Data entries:
──────
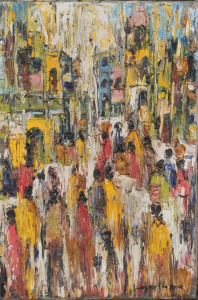 Lot 234 - Ulysses La Rosa (Active c1960 70s) Unframed Oil painting on Canvas - H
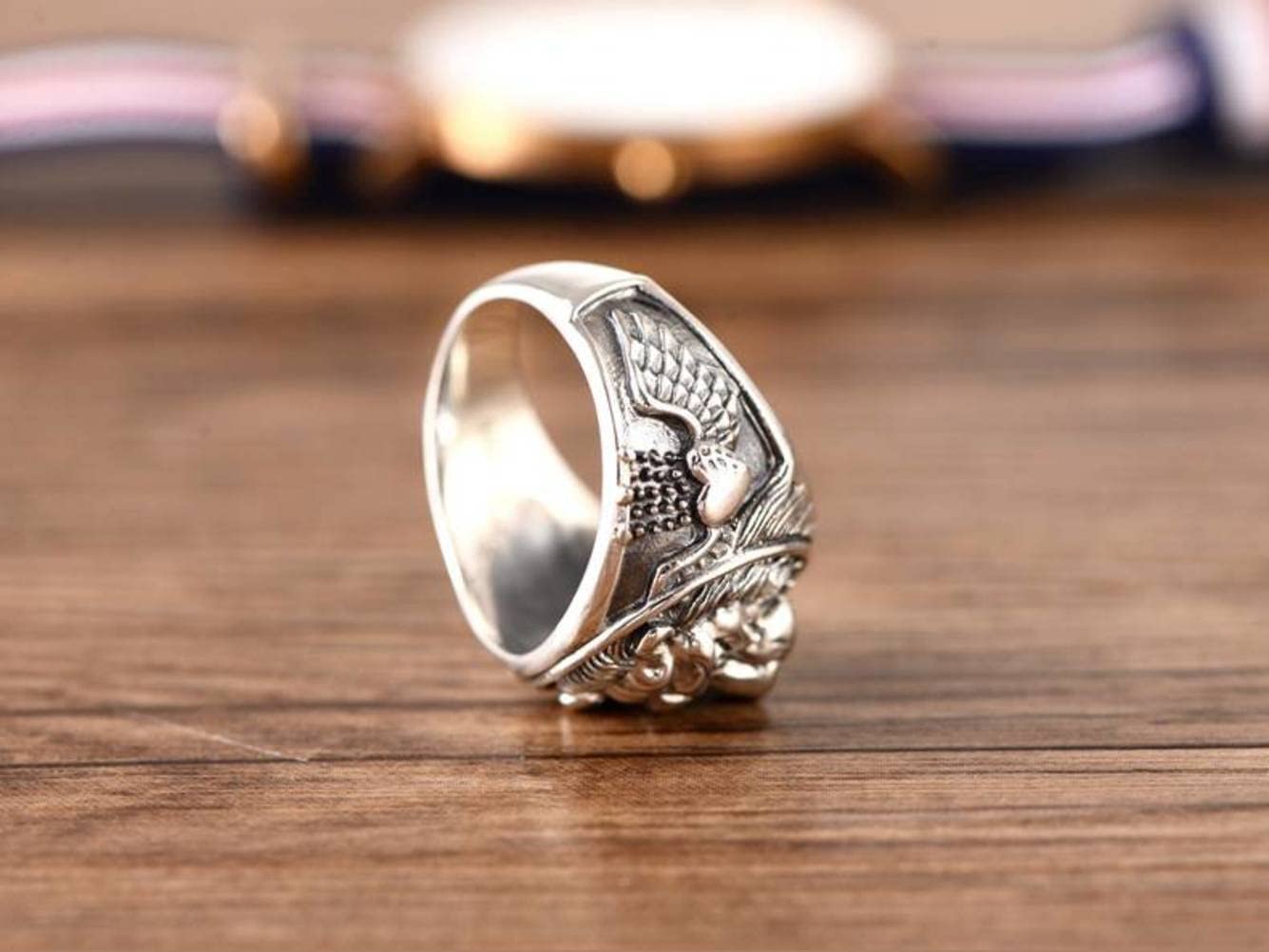 SIWAN Anillo Retro 925 Anillo de Plata Esterlina Cabeza de León Dominante Bestia Anillo Masculino1, 60mm
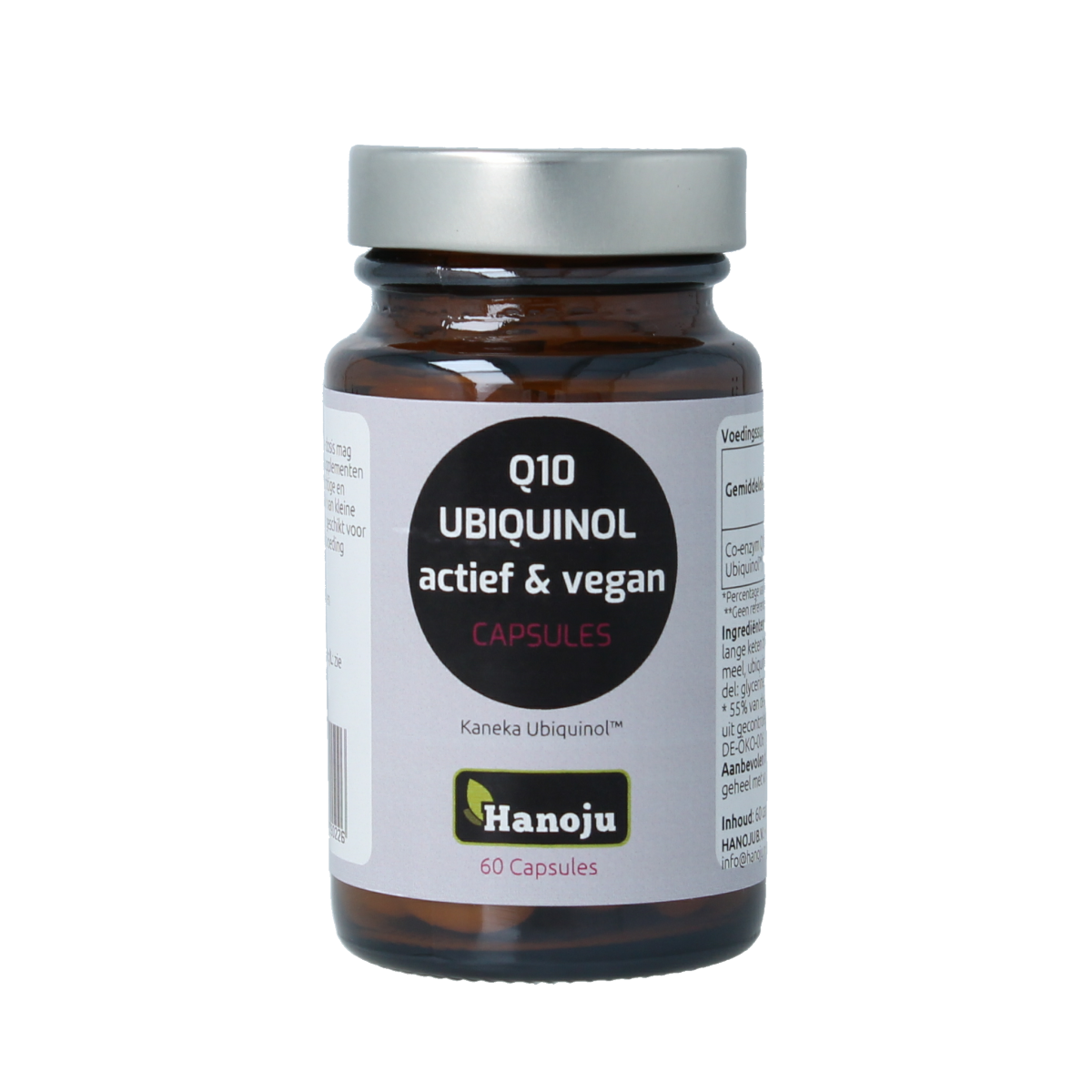 Hanoju Ubiquinol Kaneka actief vegan vitamin capsules, 60 count, showing the supplement bottle with capsules inside.
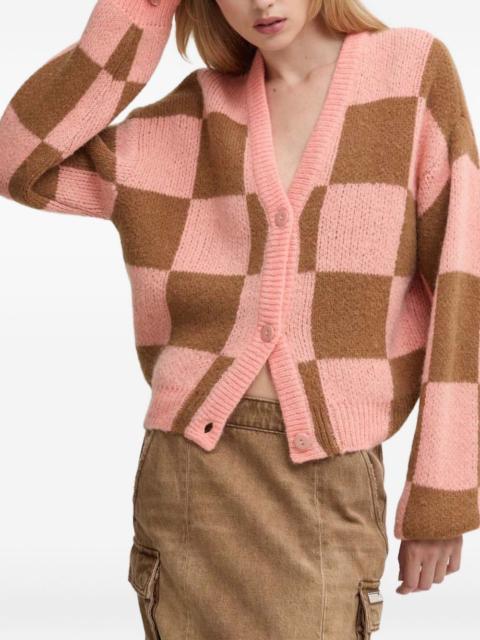 STINE GOYA checkered-pattern long-sleeve cardigan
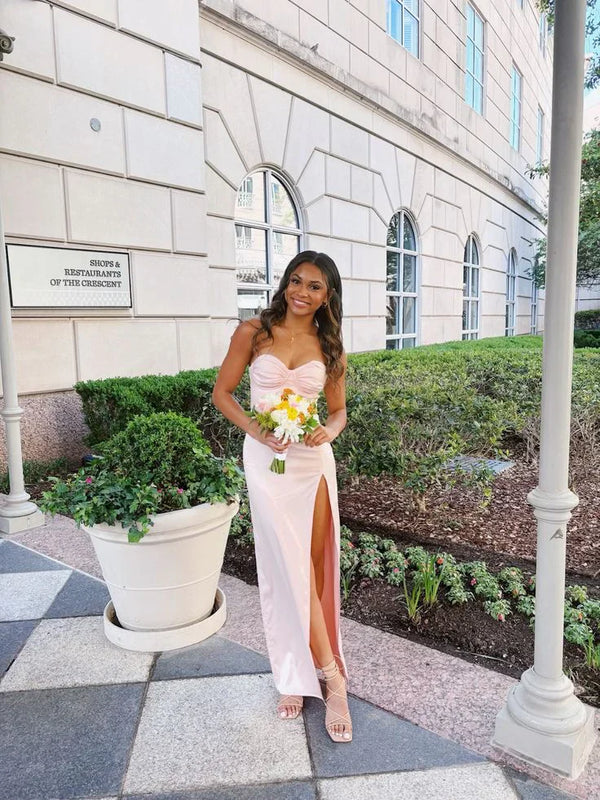 Pink Sweetheart Sheath Long Pary Dress Wedding Guest Dress with Slit Sexy Formal Dress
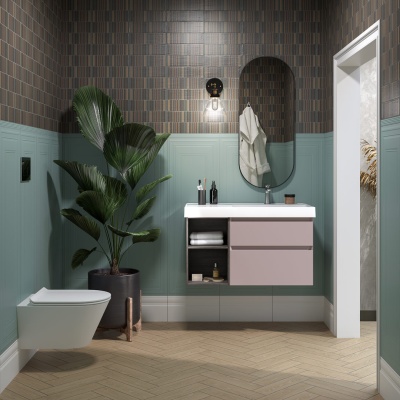 Раковина CUBO правая подвесная/мебельная 90, белая глянцевая Раковина CUBO правая подвесная/мебельная 90, белая глянцевая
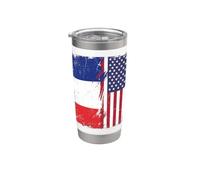 Drapeau France USA Racines françaises Gobelet isotherme en acier inoxydable double paroi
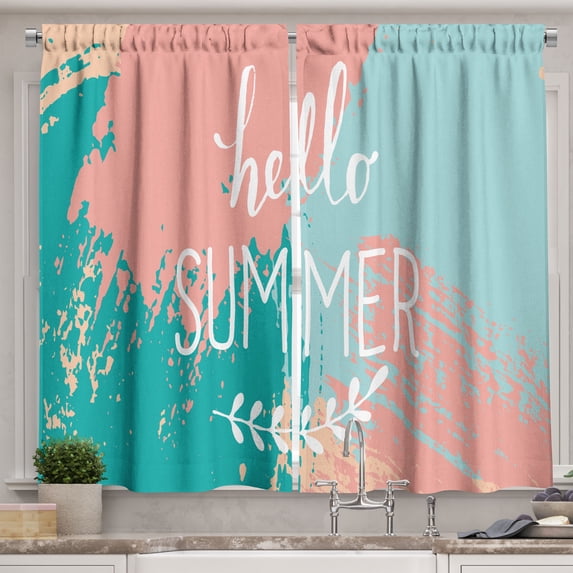 Ambesonne Saying Kitchen Curtains, Hello Summer Lettering, 55"x39", Multicolor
──────
Only the lines from the one containing "Drapeau France USA" through the final line of the entries belong in the copy, both ends included. Pictures stay out.

 Drapeau France USA Racines françaises Gobelet isotherme en acier inoxydable double paroi
 Ambesonne Saying Kitchen Curtains, Hello Summer Lettering, 55"x39", Multicolor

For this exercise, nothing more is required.